Data:
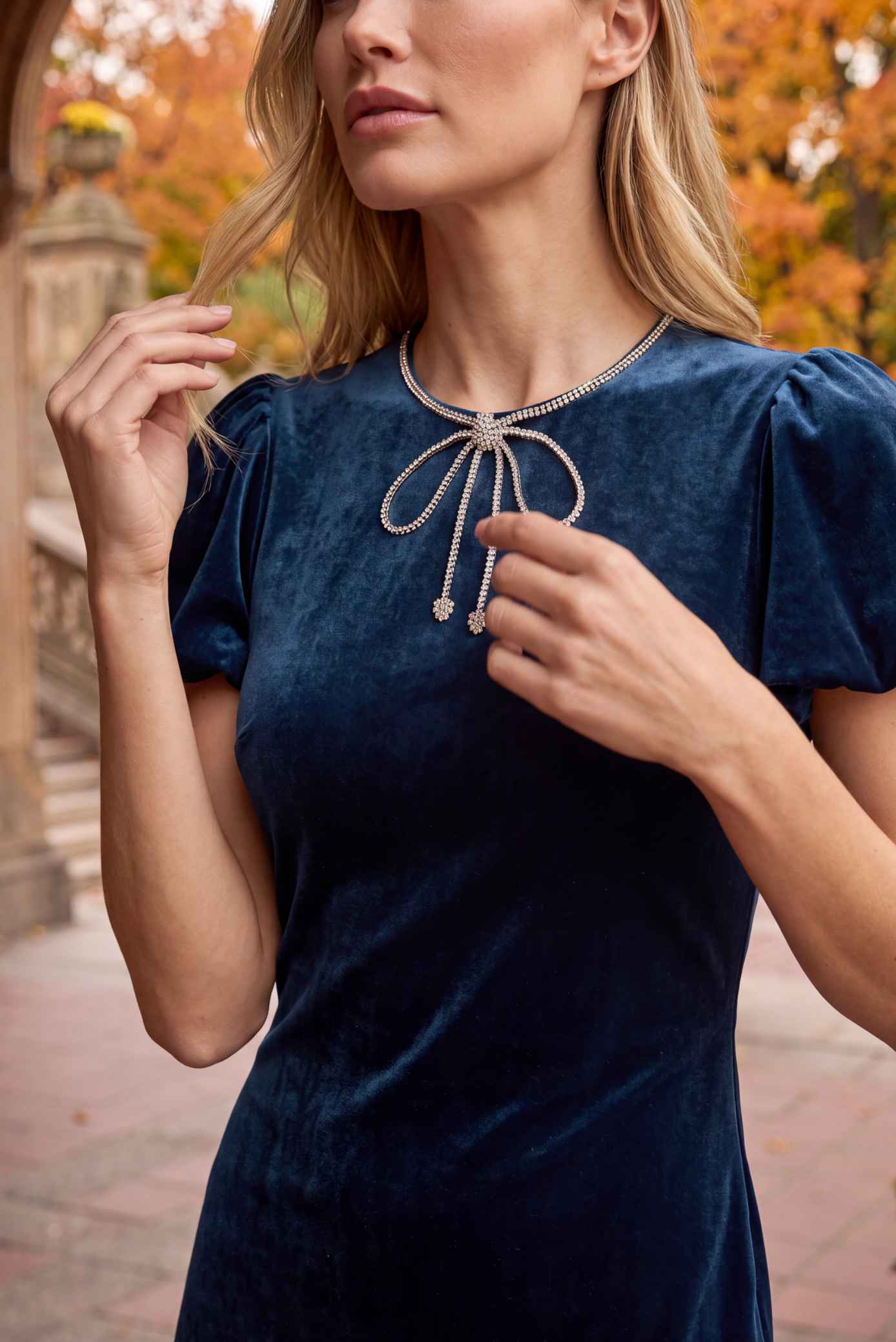PRIMROSE DRESS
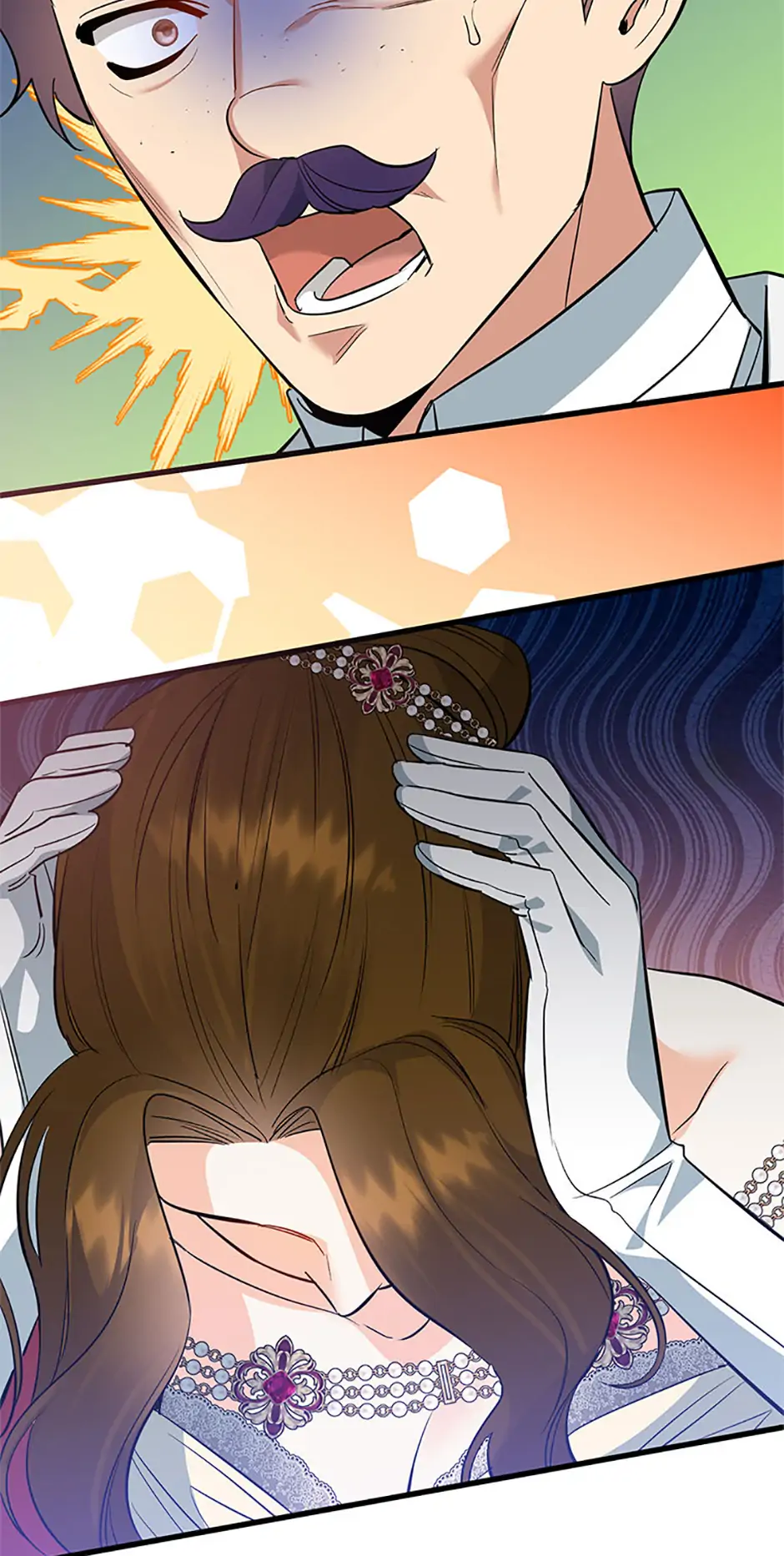 I Created a Harem to Avoid the Male Lead Chapter 57 391 006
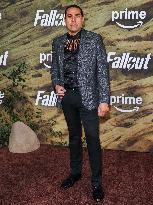 LA Premiere Of Amazon Prime Video's 'Fallout' Season 2 - USA
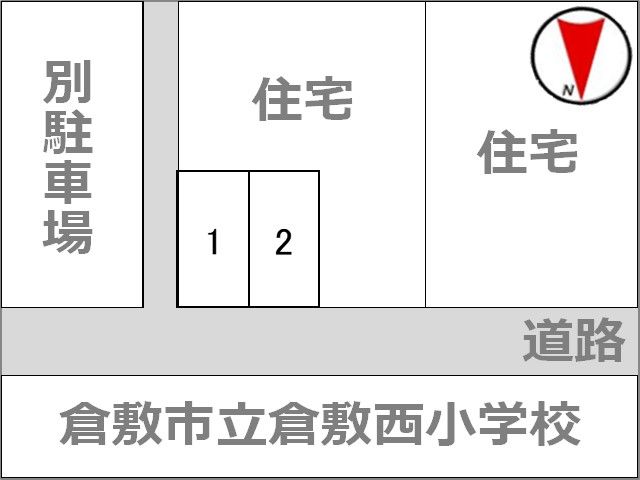 駐車場区画図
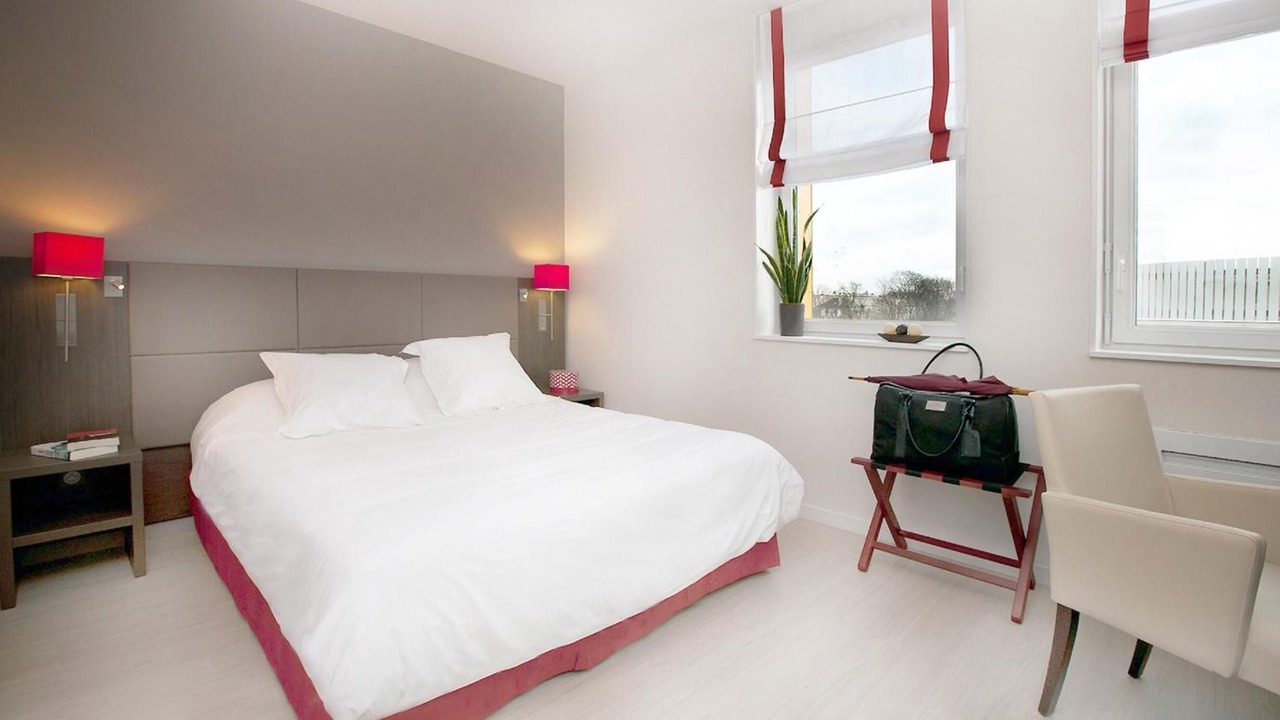 Photo of Bedroom in Centre Erlon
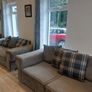 Two 2 seater couches Image 4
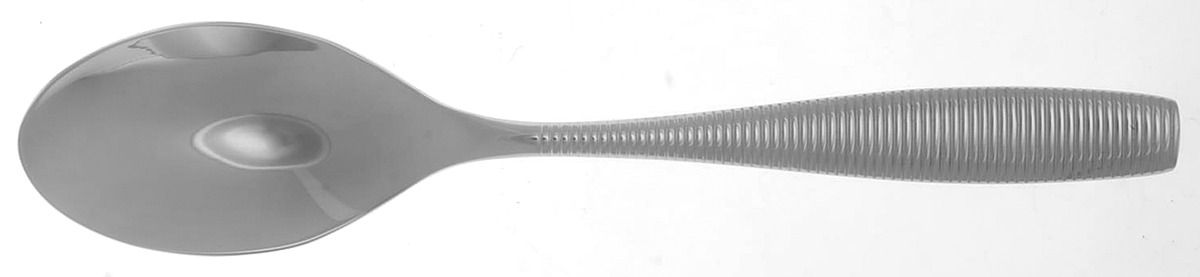 Fiona (Stainless) Teaspoon by Nambe-1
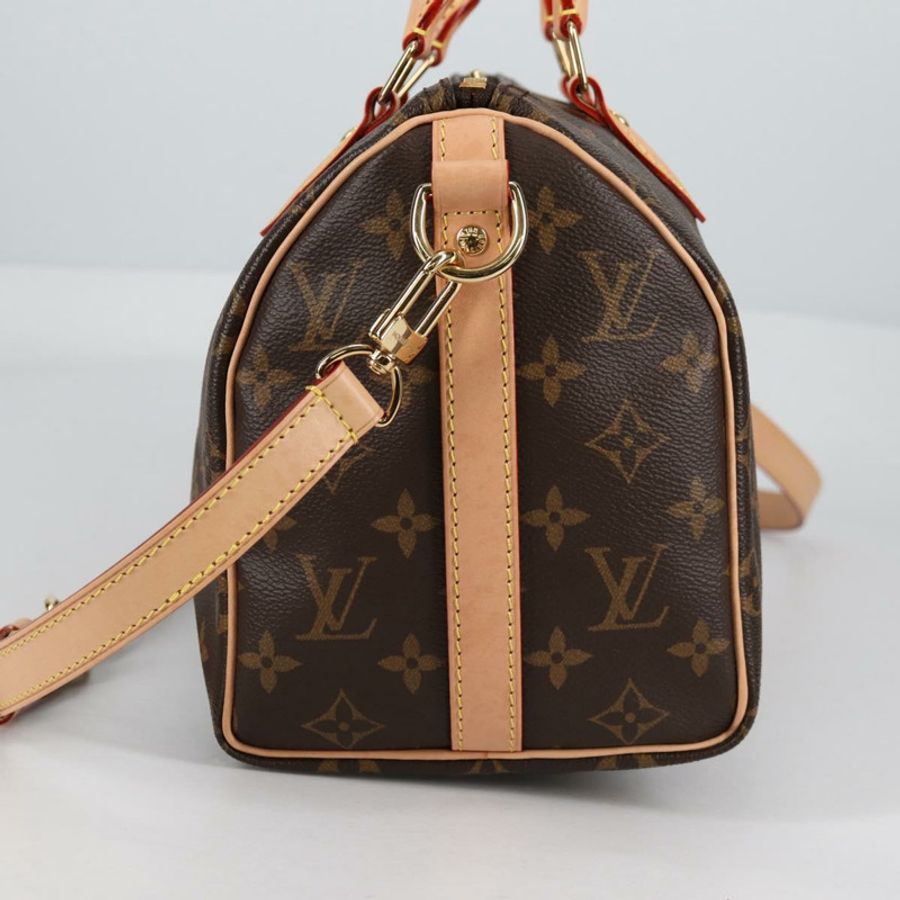 【日本直送】路易威登 Monogram Speedy Bandouliere 25 手提包 2way M45948 正品 135029S-2
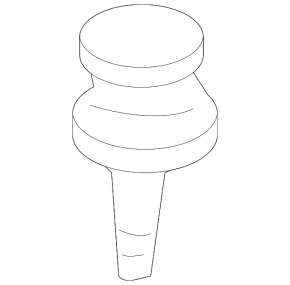 Ball joint left Subaru Outback 15-19 CTR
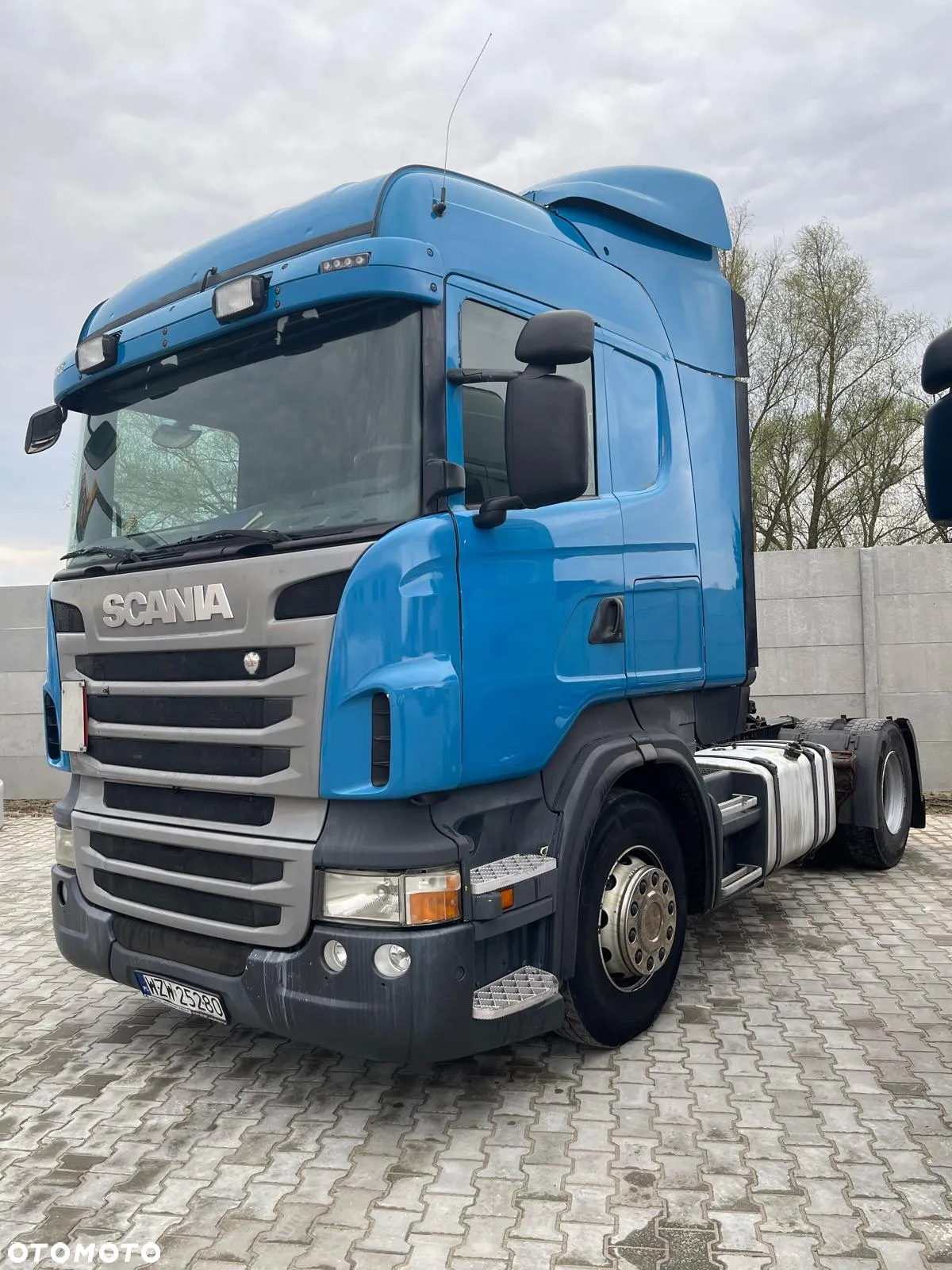 Scania R420 - 7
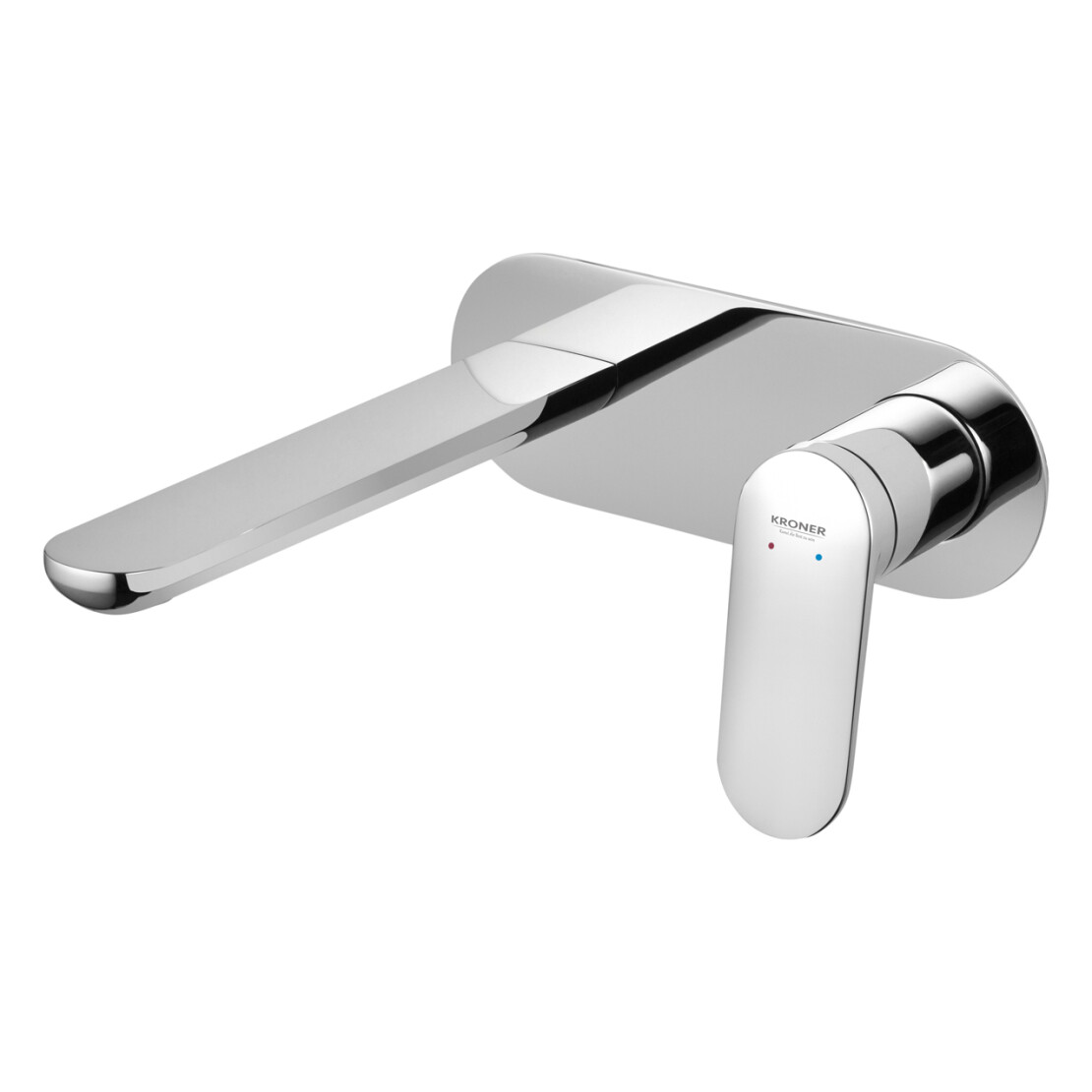 Змішувач прихованого монтажу для раковини Kroner Element 211133B-0101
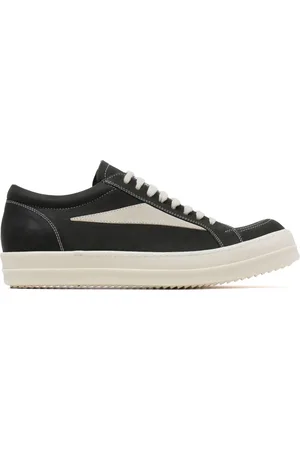 Rick Owens Porterville Vintage leather sneakers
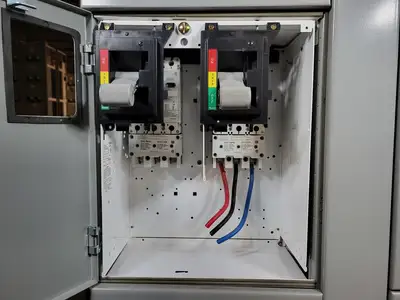 Used EATON HFD3060 Switchgears British Columbia CA | Lenmark #240435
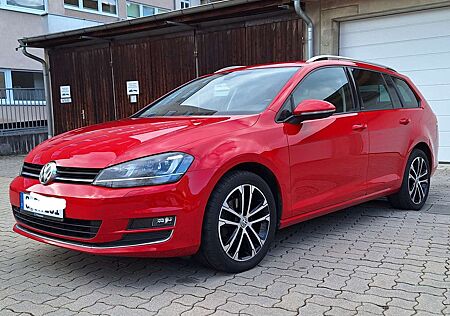 VW Golf Variant Volkswagen Allstar BMT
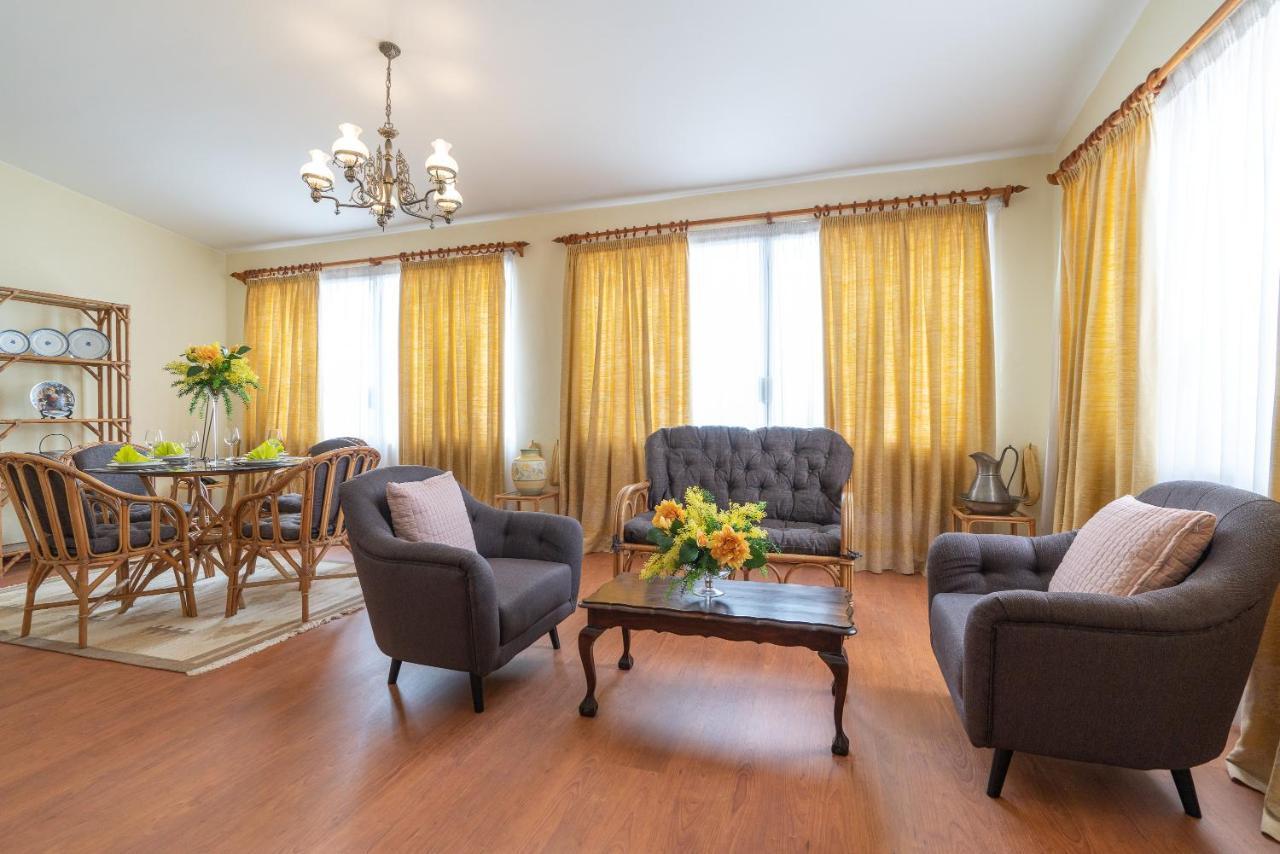 Casa Fatima Villa Funchal  Ngoại thất bức ảnh
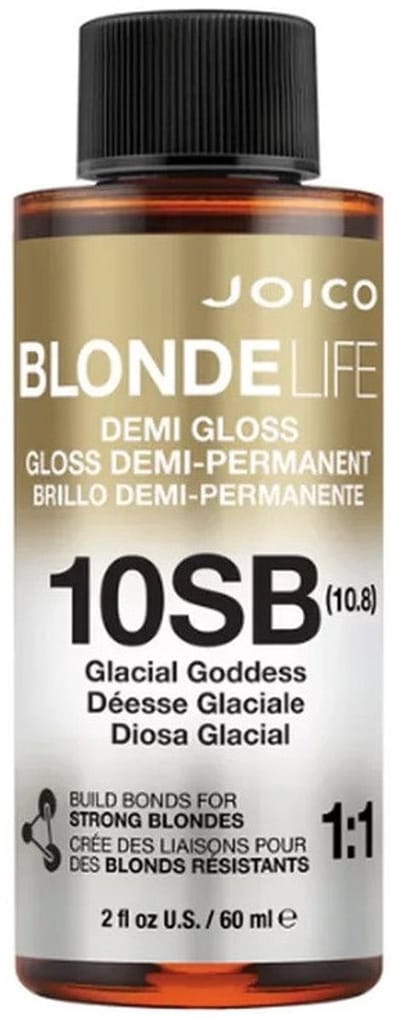 JOICO Blonde life - Demi Gloss - 10SB Glacial Goddess 60ml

Aim of the exercise:
Write out exactly the opening lines of the data, stopping after the line that holds "M45948 正品 135029S-2". Exclude pictures.

Problem solution:
PRIMROSE DRESS
 I Created a Harem to Avoid the Male Lead Chapter 57 391 006
 LA Premiere Of Amazon Prime Video's 'Fallout' Season 2 - USA
 駐車場区画図
 Photo of Bedroom in Centre Erlon
 Two 2 seater couches Image 4
 Fiona (Stainless) Teaspoon by Nambe-1
 【日本直送】路易威登 Monogram Speedy Bandouliere 25 手提包 2way M45948 正品 135029S-2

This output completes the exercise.